Komisi Pemberantasan Korupsi (KPK) menetapkan Komisaris Utama (komut) PT Inti Alasindo Energi, Arso Sadewo (AS) sebagai tersangka korupsi di PT Perusahaan gas Negara (PGN). Saat diumumkan, Sadewo langsung dilakukan penahanan.
KPK mengumumkan penahanan terhadap 1 orang tersangka, yakni saudara AS selaku Komisaris Utama PT Inti Alasindo Energi (IAE) pada tahun 2007 sampai dengan sekarang,” kata Pelaksana tugas Deputi Penindakan dan Eksekusi KPK Asep Guntur Rahayu, di Gedung KPK, Jakarta, Selasa (21/10/2025).

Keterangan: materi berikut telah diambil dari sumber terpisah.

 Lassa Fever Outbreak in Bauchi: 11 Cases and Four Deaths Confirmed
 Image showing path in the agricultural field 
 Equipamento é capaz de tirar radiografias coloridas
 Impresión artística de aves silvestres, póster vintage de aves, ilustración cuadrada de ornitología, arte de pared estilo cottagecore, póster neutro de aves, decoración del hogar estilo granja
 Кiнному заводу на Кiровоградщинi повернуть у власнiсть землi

Melakukan penahanan untuk 20 hari pertama, terhitung sejak. tanggal 21 Oktober 2025 sampai 9 November 2025. Penahanan dilakukan di Rutan Cabang KPK,” lanjutnya.

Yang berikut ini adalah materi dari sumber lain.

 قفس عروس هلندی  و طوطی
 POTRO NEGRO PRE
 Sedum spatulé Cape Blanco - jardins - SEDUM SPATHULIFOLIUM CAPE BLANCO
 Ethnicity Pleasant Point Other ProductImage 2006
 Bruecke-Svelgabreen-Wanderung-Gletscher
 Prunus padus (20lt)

Lebih jauh Asep menjelaskan, semula PT IAE atau PT IG dilanda kesulitan keuangan perusahaan sehingga ingin melakukan pendekatan dengan PT PGN pada tahun 2017.
Arahan tersebut diberikan Iswan Ibrahim (ISW) selaku Komisaris PT IAE periode 2006-2023 yang sudah lebih dulu ditetapkan sebagai tersangka dalam kasus ini.
Dalam arahannya, Asep menyebut Iswan ingin melakukan kerja sama jual beli gas dengan opsi akuisisi menggunakan metode pembayaran advance payment sebesar USD 15 juta.
Sadewo mulai mendekat Hendi Prio Santoso (HPS) bersama satu orang lainnya, Yugi Prayanto (YG). Mereka membahas dan menyepakati pembelian gas bumi tersebut.
Pertemuan tersebut kemudian ditindaklanjuti para Direktur Komersial PT PGN 2016-2019 Arso, Iswan dan Danny Praditya (DP), yang juga telah ditetapkan sebagai tersangka.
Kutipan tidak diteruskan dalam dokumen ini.